## EXERCISE REQUIREMENTS
All entries below must be retyped exactly, though pictures are to be skipped.

━━━━━━━━━━

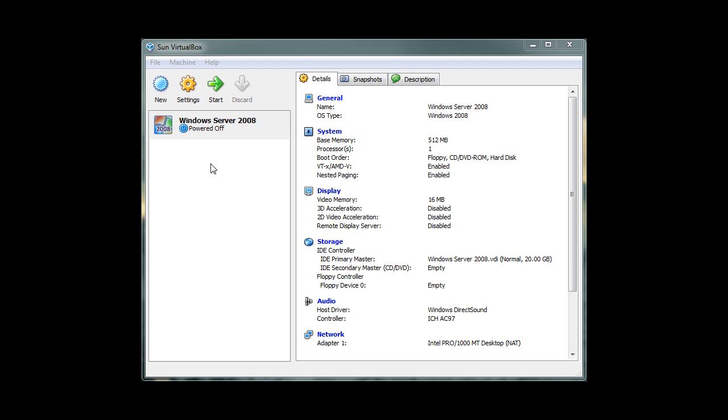Currently, it is in a powered off mode. Now, we can click on the start button to install Windows Server 2008 to our virtual machine. We hope you enjoyed this video tutorial by Living Tech.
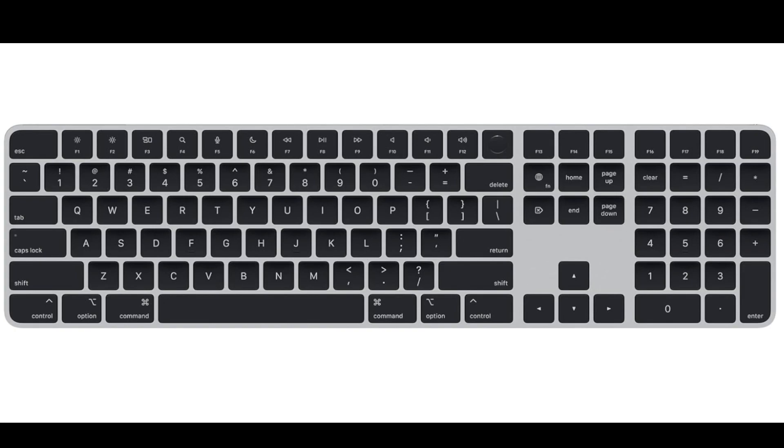Touch ID integration: The magic keyboard includes Touch ID functionality allowing users to unlock their Mac, make secure online purchases, and authenticate various actions using their fingerprint. Numeric keypad: featuring a dedicated numeric keypad on the right side, providing users with convenient access to numbers and enhanced functionality for calculations and data entry.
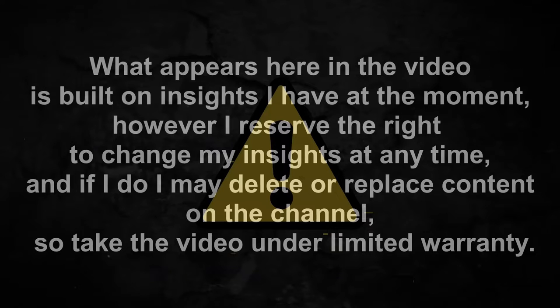What appears here in the video is built on insights I have at the moment. However, I reserve the right to change my insights at any time, and if I do I may delete or replace content on the channel, so I take the video under limited warranty.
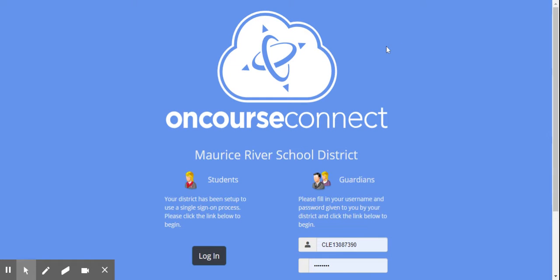If you're using a device that your child has logged on with their school account, you just have to click here to log in as a student. Once you click on this link where it says log in, it'll pull their information from their Google account and you'll be good to go.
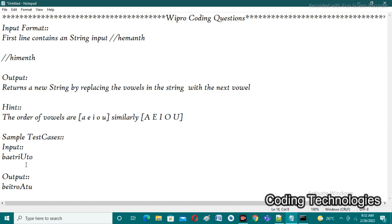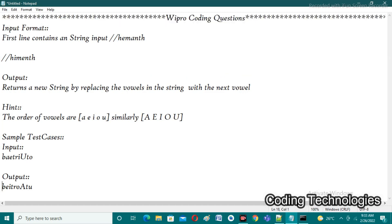After 'u', there is no next vowel, so we start again with 'a' — replacing 'u' with 'a'. Then we check the next character: if it is a vowel character we need to replace it. 'o' is a vowel character, so we replace 'o' with the next character 'u'. This is the logic behind this program. I will now execute this logic using Java.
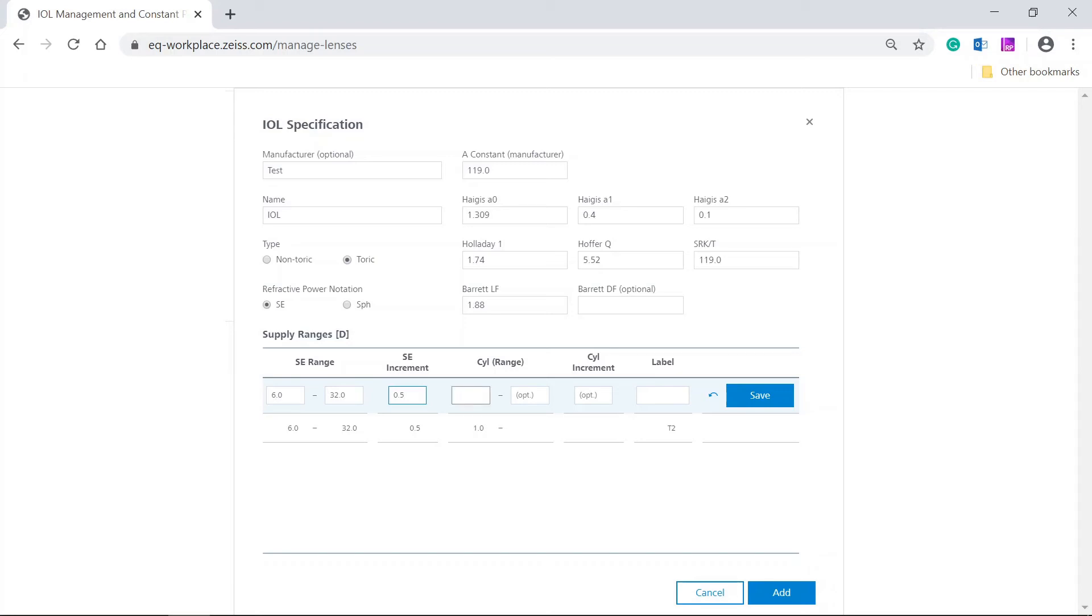Enter the second cylinder, for example, 1.5. In the label field, type in the name, for example, T3 and click on save.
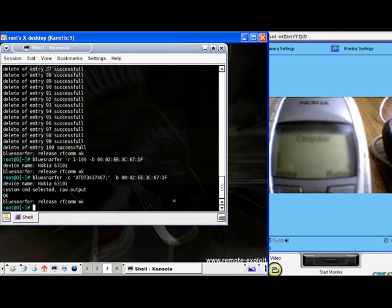The AT commands we ran were formatted specifically for the Nokia phone. Different manufacturers have different requirements for the formatting of the AT commands. Ours were found on the Nokia website. Do a Google search for your specific brand of phone to find the formatting for your phone.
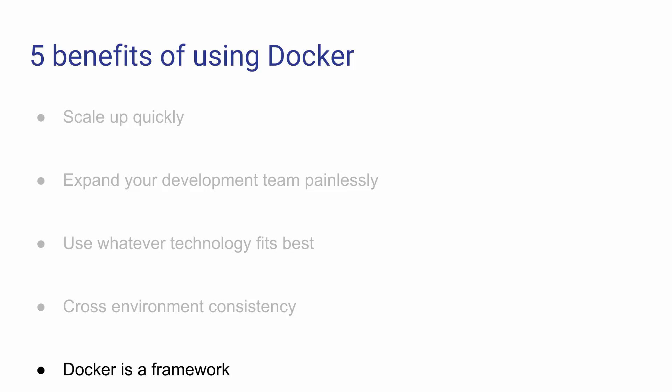It also becomes simple to distribute your images publicly or privately. You can keep tabs of what changed, what new versions were pushed, and much more. I'll see you in the next lecture where we start using Docker.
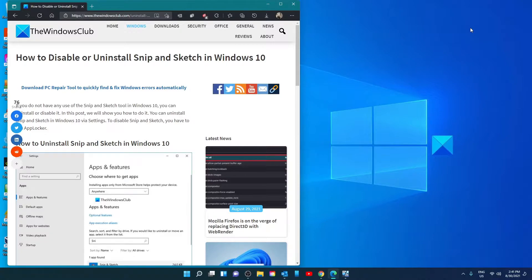Hello Windows Universe. In this video we will look at some ways that you can disable or uninstall Snip & Sketch in Windows. For a more in-depth look at the topic, be sure to check out the article in the description.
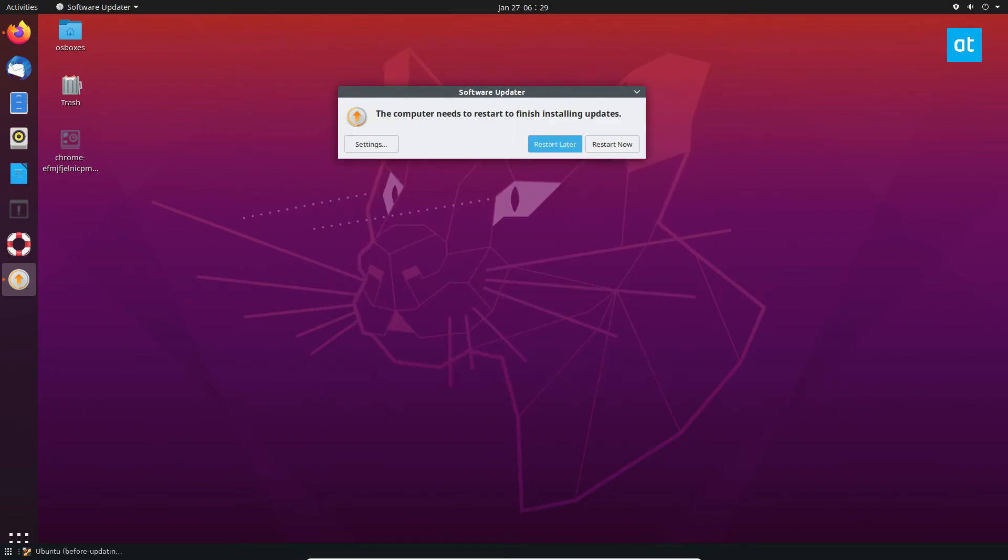When the update is complete you may see a notification that says the computer needs to restart to finish installing updates. Just click the Restart Now button if you want to do that now, or click Restart Later if you want to do it later.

━━━━━━━━━━

## WRITTEN RESPONSE
Currently, it is in a powered off mode. Now, we can click on the start button to install Windows Server 2008 to our virtual machine. We hope you enjoyed this video tutorial by Living Tech.
Touch ID integration: The magic keyboard includes Touch ID functionality allowing users to unlock their Mac, make secure online purchases, and authenticate various actions using their fingerprint. Numeric keypad: featuring a dedicated numeric keypad on the right side, providing users with convenient access to numbers and enhanced functionality for calculations and data entry.
What appears here in the video is built on insights I have at the moment. However, I reserve the right to change my insights at any time, and if I do I may delete or replace content on the channel, so I take the video under limited warranty.
If you're using a device that your child has logged on with their school account, you just have to click here to log in as a student. Once you click on this link where it says log in, it'll pull their information from their Google account and you'll be good to go.
After 'u', there is no next vowel, so we start again with 'a' — replacing 'u' with 'a'. Then we check the next character: if it is a vowel character we need to replace it. 'o' is a vowel character, so we replace 'o' with the next character 'u'. This is the logic behind this program. I will now execute this logic using Java.
Enter the second cylinder, for example, 1.5. In the label field, type in the name, for example, T3 and click on save.
The AT commands we ran were formatted specifically for the Nokia phone. Different manufacturers have different requirements for the formatting of the AT commands. Ours were found on the Nokia website. Do a Google search for your specific brand of phone to find the formatting for your phone.
It also becomes simple to distribute your images publicly or privately. You can keep tabs of what changed, what new versions were pushed, and much more. I'll see you in the next lecture where we start using Docker.
Hello Windows Universe. In this video we will look at some ways that you can disable or uninstall Snip & Sketch in Windows. For a more in-depth look at the topic, be sure to check out the article in the description.
When the update is complete you may see a notification that says the computer needs to restart to finish installing updates. Just click the Restart Now button if you want to do that now, or click Restart Later if you want to do it later.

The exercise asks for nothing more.